The country buys each barrel of oil for US$125.69
Oil prices soared on Tuesday after the United States banned imports of Russian oil, a move that also pushed nickel up to an all-time high and rattled stock markets.
Although it remained below Monday’s high of $139.13 a barrel, Brent, the leading international benchmark, rose 6.8% to $131.63.
For its part, the reference barrel in the United States, the WTI, rose 6.7%, to 127.44 dollars per barrel.
US President Joe Biden on Tuesday announced a ban on US imports of Russian oil, while the UK said it would phase them out by the end of the year.
The countries of the European Union, which receive approximately 40% of their gas imports from Russia and a quarter of their oil imports, have chosen to reduce their imports of Russian gas by two-thirds.
Moscow has already warned that in retaliation for sanctions after the invasion of Ukraine, it could cut off natural gas supplies to Europe through the Nord Stream 1 pipeline.
Although the United States does not import large amounts of Russian oil, analysts believe the move is essential because it marks the US “launching an all-out economic war against Russia,” according to Fawad Razaqzada of ThinkMarkets.
“There will be consequences: high gas prices, even more inflation and retaliation from Russia,” he said.

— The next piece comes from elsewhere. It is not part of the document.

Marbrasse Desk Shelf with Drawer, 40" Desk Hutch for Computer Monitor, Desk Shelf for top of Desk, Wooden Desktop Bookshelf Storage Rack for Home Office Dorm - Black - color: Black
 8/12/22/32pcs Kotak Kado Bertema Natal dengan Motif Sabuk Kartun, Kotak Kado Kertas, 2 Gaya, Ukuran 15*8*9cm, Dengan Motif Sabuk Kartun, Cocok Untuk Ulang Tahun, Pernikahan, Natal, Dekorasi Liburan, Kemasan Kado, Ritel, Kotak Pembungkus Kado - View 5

According to OANDA’s Craig Erlam, “it is one more step for the West to turn its back on Russia and leave it isolated in the world.”
The rise in oil prices slowed down the rally in the stock markets in Europe and the United States.
While London managed to gain 0.1%, Frankfurt ended the day unchanged, and Paris lost 0.32%. In Madrid, the Ibex-35 closed positive (+1.82%) in a volatile session. On Wall Street, the Dow was down 0.6% by late morning.
Commodity prices also felt the effects of Russia’s growing isolation. The London Metal Exchange suspended trading in nickel after the metal — used to make stainless steel and batteries for electric vehicles — soared. To a record $101,365 a tonne amid fears over Russian supply.
“Russia is one of the world’s leading exporters of this raw material and, with the possibility of sanctions being imposed on Western countries, the market could suffer a major supply crisis in the short term, which could lead to further increases in prices until the situation stabilizes,” said Walid Koudmani, chief market analyst at online trading platform xtb.
Venezuelan President Nicolás Maduro expressed interest in improving relations with the US after talks with high-level US officials, prompted in part by the Russian invasion of Ukraine and concerns about rising gasoline prices.